Runtime Code Specialization

Standard

Specializing code is nothing new, but I’m surprised that modern programming languages don’t attempt to make this easier.

Just to give you some context, the idea is that whenever you have an algorithm that takes multiple parameters where one or more of the parameters are fixed for some period of time, you specialize the code for the fixed parameters in order to achieve greater optimization at runtime. A key idea is that you may not know at compile time what the fixed value is, and the duration for which a value is fixed could be shorter than the execution of the program (mere milliseconds, even).
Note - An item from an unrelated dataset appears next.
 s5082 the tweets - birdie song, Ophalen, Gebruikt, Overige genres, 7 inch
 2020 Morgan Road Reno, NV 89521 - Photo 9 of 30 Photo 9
One example would be to compile a regular expression into machine code – at runtime – whose function is to take the input string and match it against the (fixed) regular expression. This can be many times faster than an algorithm based on interpreting the regular expression as you go.

Other examples are algorithms where there are runtime inefficiencies due to combinatorial explosion. Such as converting one image format to another. If you have enough different image formats it’s infeasible to write one function for each pair of formats, so you would typically write a single conversion function that converts from the source format into some high precision intermediate format, and then calls another function to convert to the destination format. This can be inefficient because you have to switch on the data format inside the conversion loop. With code specialization you look up the two conversion function once, and then call them directly (or even inline them, then simplify away the intermediate format when possible).

Now, all this can be done manually, and while things haven’t improved as much as I would like, things are getting better. In C# you could always use the System.Reflection.Emit namespace to generate MSIL at runtime, and then compile it into a method. This was tedious and low level, but better than generating x86 assembly at least! Starting with .Net 3.5 you can instead use expression trees. This is much better. Not only can you compile some simple lambda expression directly to expression trees, but even building them manually is much higher level.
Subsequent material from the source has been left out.